Friday, December 17, 2004

Social Security privatization (elimination) has become a big fixture for me lately. It has already been the subject of countless speeches loaded with questionable statements and part of an economic conference which, if one reads the more objective (i.e. non-administration sources) reports of the conference, had so little basis in actual economic theory that Roosevelt High's math club could have torn through their estimates.

Paul Krugman weighs in on the subject by pointing out the results of some other privatization attempts that have been made in other countries:
Privatization dissipates a large fraction of workers' contributions on fees to investment companies…

…Decades of conservative marketing have convinced Americans that government programs always create bloated bureaucracies, while the private sector is always lean and efficient.
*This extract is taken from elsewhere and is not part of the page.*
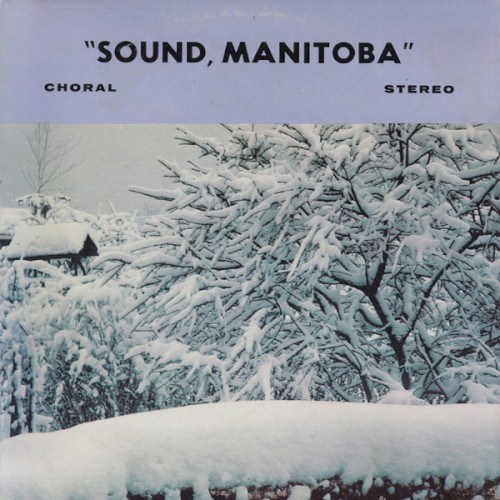"Sound, Manitoba"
But when it comes to retirement security, the opposite is true. More than 99 percent of Social Security's revenues go toward benefits, and less than 1 percent for overhead. In Chile's system, management fees are around 20 times as high. And that's a typical number for privatized systems.
The most consistently ire-provoking aspect of this whole fiasco is the lack of critical coverage from most of the mainstream press. The Bush plan, flawed though it is, has a chance of going through mostly due to a lack of accurate information given to the public. The Republicans so far control the ground this debate is standing on.

Unless the Democrats can understand that and work to change the playing field, Bush will, over the objections of every economist and policy expert not on the GOP payroll, destroy one of the few government plans that _actually_ works the way it is supposed to.

Update: From Josh at Talking Points Memo
It turns out that there is at least one House Democrat who's coming out for ending the Social Security program. That would be Rep. Allen Boyd of Florida. He recently signed on as the cosponsor of Jim Kolbe's phase-out bill.

So, as long as we know where Boyd stands, let's find out where everyone else stands on the issue too.

The only way the Democrats are going to survive this is through complete and total party discipline. All it takes is a few Democrats crossing the isle and the Republicans will have all the PR they need. As someone else said (I can't remember at the moment, but I can't take credit for this idea), this needs to be completely on the Republicans, win or lose (and it will be lose). Any shadow of bipartisanship will simply give the Republicans political coverage in the long run.

Killing Social Security is the Republican's baby, let them take all the credit.